_ABOUT THIS EXERCISE:_ Word for word, copy the records that follow.

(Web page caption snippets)
━━━━

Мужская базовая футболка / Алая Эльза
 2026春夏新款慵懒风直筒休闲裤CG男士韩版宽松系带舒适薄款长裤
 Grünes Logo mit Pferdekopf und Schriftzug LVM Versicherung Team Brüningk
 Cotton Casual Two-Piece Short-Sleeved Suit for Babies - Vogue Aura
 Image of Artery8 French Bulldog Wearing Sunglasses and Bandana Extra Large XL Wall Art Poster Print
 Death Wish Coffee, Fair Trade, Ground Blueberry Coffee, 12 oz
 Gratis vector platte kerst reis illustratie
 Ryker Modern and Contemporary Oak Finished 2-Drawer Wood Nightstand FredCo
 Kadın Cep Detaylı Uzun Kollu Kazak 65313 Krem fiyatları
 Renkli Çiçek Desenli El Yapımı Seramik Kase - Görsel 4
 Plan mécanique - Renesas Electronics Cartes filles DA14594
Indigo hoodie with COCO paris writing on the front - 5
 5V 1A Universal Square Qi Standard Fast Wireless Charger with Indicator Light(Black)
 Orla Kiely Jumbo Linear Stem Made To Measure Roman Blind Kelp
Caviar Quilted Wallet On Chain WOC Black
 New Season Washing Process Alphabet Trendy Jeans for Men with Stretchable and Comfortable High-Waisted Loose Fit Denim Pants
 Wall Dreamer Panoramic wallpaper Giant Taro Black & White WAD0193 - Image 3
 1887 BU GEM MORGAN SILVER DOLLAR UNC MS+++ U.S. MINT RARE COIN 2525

━━━━

_RESPONSE TO THIS TASK:_
Мужская базовая футболка / Алая Эльза
 2026春夏新款慵懒风直筒休闲裤CG男士韩版宽松系带舒适薄款长裤
 Grünes Logo mit Pferdekopf und Schriftzug LVM Versicherung Team Brüningk
 Cotton Casual Two-Piece Short-Sleeved Suit for Babies - Vogue Aura
 Image of Artery8 French Bulldog Wearing Sunglasses and Bandana Extra Large XL Wall Art Poster Print
 Death Wish Coffee, Fair Trade, Ground Blueberry Coffee, 12 oz
 Gratis vector platte kerst reis illustratie
 Ryker Modern and Contemporary Oak Finished 2-Drawer Wood Nightstand FredCo
 Kadın Cep Detaylı Uzun Kollu Kazak 65313 Krem fiyatları
 Renkli Çiçek Desenli El Yapımı Seramik Kase - Görsel 4
 Plan mécanique - Renesas Electronics Cartes filles DA14594
Indigo hoodie with COCO paris writing on the front - 5
 5V 1A Universal Square Qi Standard Fast Wireless Charger with Indicator Light(Black)
 Orla Kiely Jumbo Linear Stem Made To Measure Roman Blind Kelp
Caviar Quilted Wallet On Chain WOC Black
 New Season Washing Process Alphabet Trendy Jeans for Men with Stretchable and Comfortable High-Waisted Loose Fit Denim Pants
 Wall Dreamer Panoramic wallpaper Giant Taro Black & White WAD0193 - Image 3
 1887 BU GEM MORGAN SILVER DOLLAR UNC MS+++ U.S. MINT RARE COIN 2525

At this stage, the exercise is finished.